══ Data excerpts

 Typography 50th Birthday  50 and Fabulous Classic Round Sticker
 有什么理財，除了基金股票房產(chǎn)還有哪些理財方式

════
══ Data excerpts

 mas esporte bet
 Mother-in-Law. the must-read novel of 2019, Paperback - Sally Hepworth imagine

════

▶ **Exercise goal**: Take the stretch of lines above from the one containing "Typography 50th Birthday" through the one containing "有什么理財，除了基金股票房產(chǎn)還有哪些理財方式" and repeat it exactly, adding no other line.

▶ **Answer section**:
 Typography 50th Birthday  50 and Fabulous Classic Round Sticker
 有什么理財，除了基金股票房產(chǎn)還有哪些理財方式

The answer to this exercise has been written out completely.